→ **WHAT THE TASK REQUIRES**
Could the lines from the line bearing "Frenchie In Pink And Yellow 2 Canvas Print" to the end of the records below be copied exactly, with the pictures left out and no other lines added?

[Extracted data entries]
====================
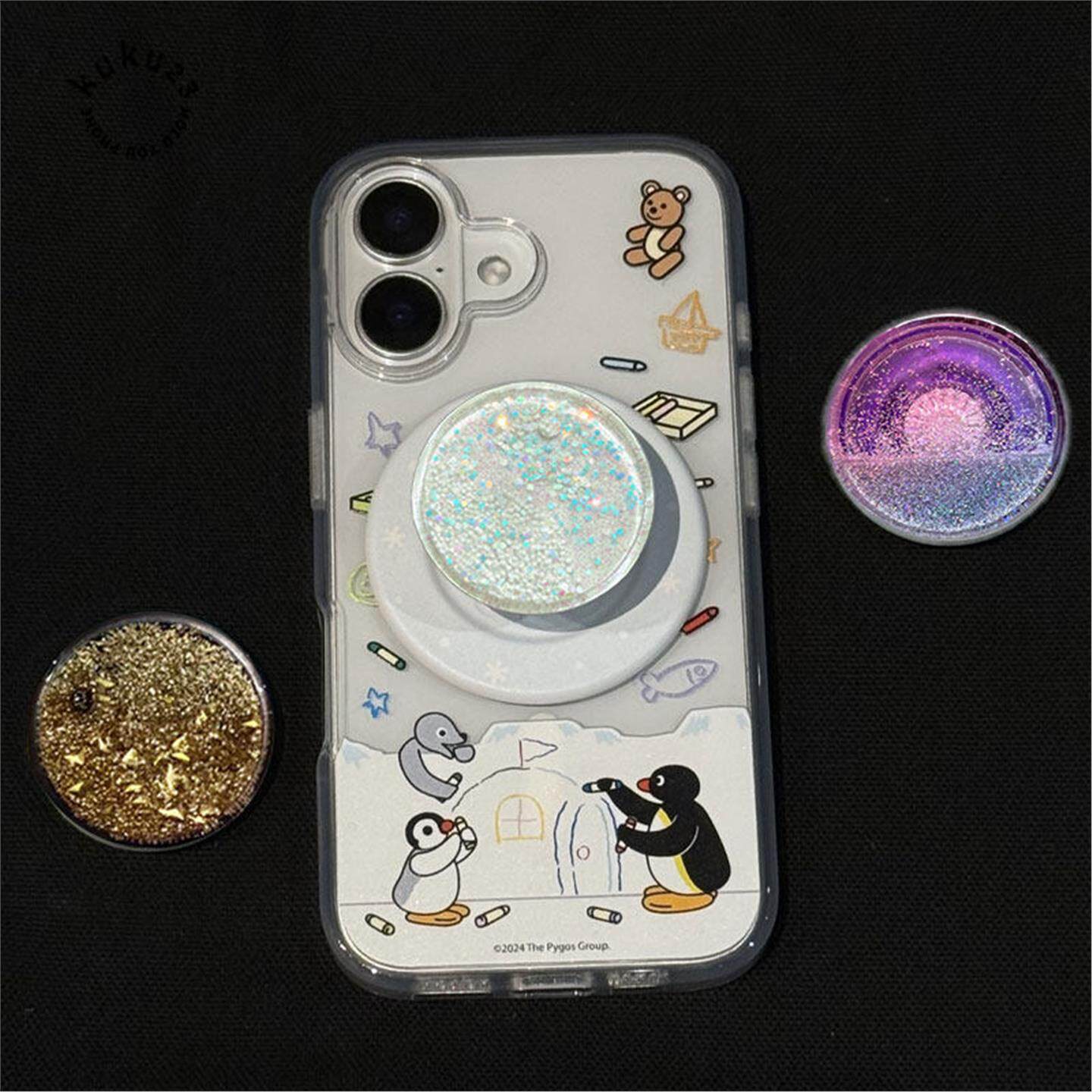 自然景观焰火雪花片片手机支架花季气囊伸缩黄金流沙可替换磁吸帽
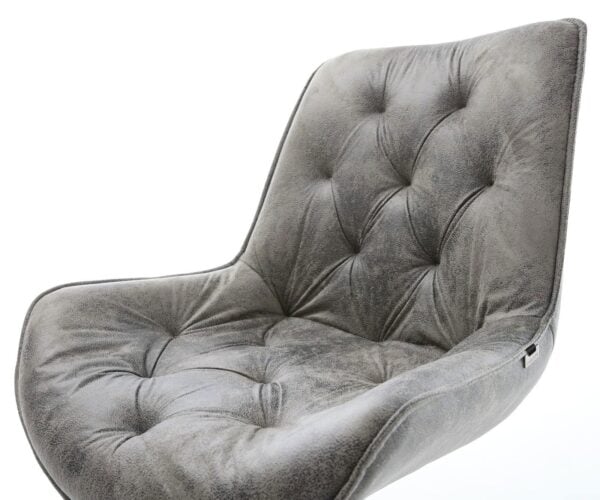 Jedálenská stolička Taimi-Flex mikrovlákno sivá vintage krížová podstava široká nerezová oceľ - Image 4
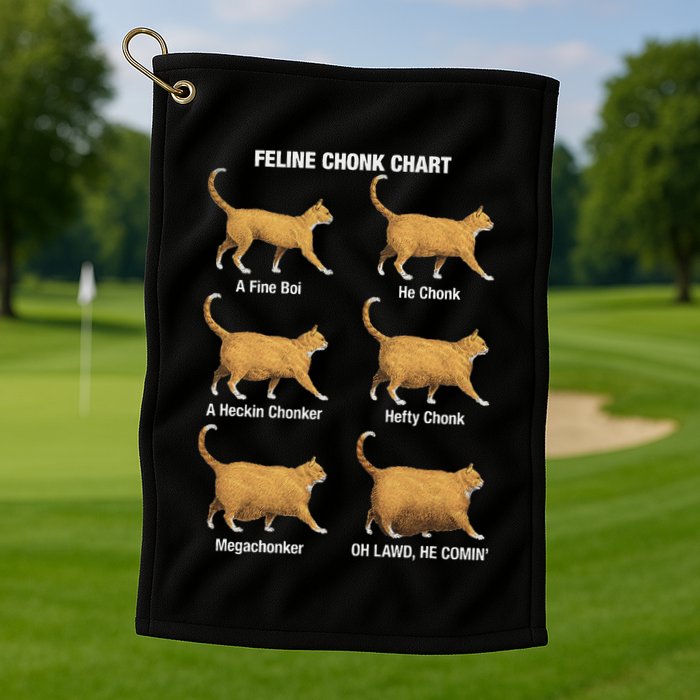 Feline Chonk Cat Chart Funny Cat Meme Oh Lawd He Comin Golf Towel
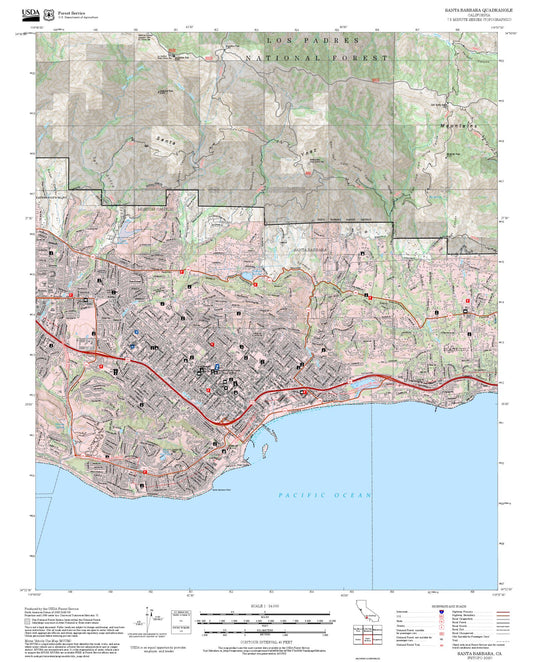 2025 Forest Service Topo Map of Santa Barbara California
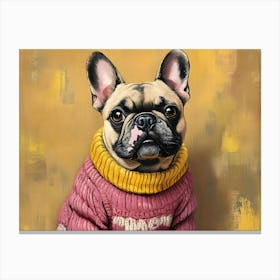 Frenchie In Pink And Yellow 2 Canvas Print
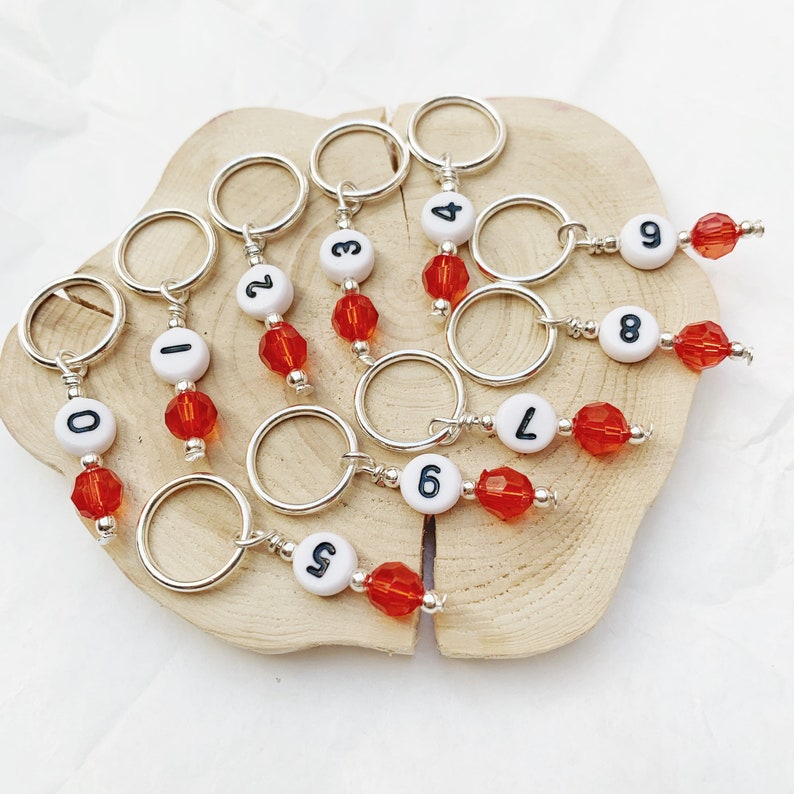 Numbers Ring Stitch Markers for Knitting Knitting Marker Etsy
====================
→ **WRITTEN ANSWER**
 Frenchie In Pink And Yellow 2 Canvas Print
 Numbers Ring Stitch Markers for Knitting Knitting Marker Etsy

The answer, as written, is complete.